Short text fragments from websites
Start of Block
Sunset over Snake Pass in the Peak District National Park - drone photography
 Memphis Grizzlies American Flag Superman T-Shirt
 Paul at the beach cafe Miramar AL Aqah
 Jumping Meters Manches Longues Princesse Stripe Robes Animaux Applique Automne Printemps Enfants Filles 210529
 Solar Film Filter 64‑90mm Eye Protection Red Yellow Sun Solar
End of Block
- THE TASK
Write out all of the entries above, exactly and in full.

- ANSWER
Sunset over Snake Pass in the Peak District National Park - drone photography
 Memphis Grizzlies American Flag Superman T-Shirt
 Paul at the beach cafe Miramar AL Aqah
 Jumping Meters Manches Longues Princesse Stripe Robes Animaux Applique Automne Printemps Enfants Filles 210529
 Solar Film Filter 64‑90mm Eye Protection Red Yellow Sun Solar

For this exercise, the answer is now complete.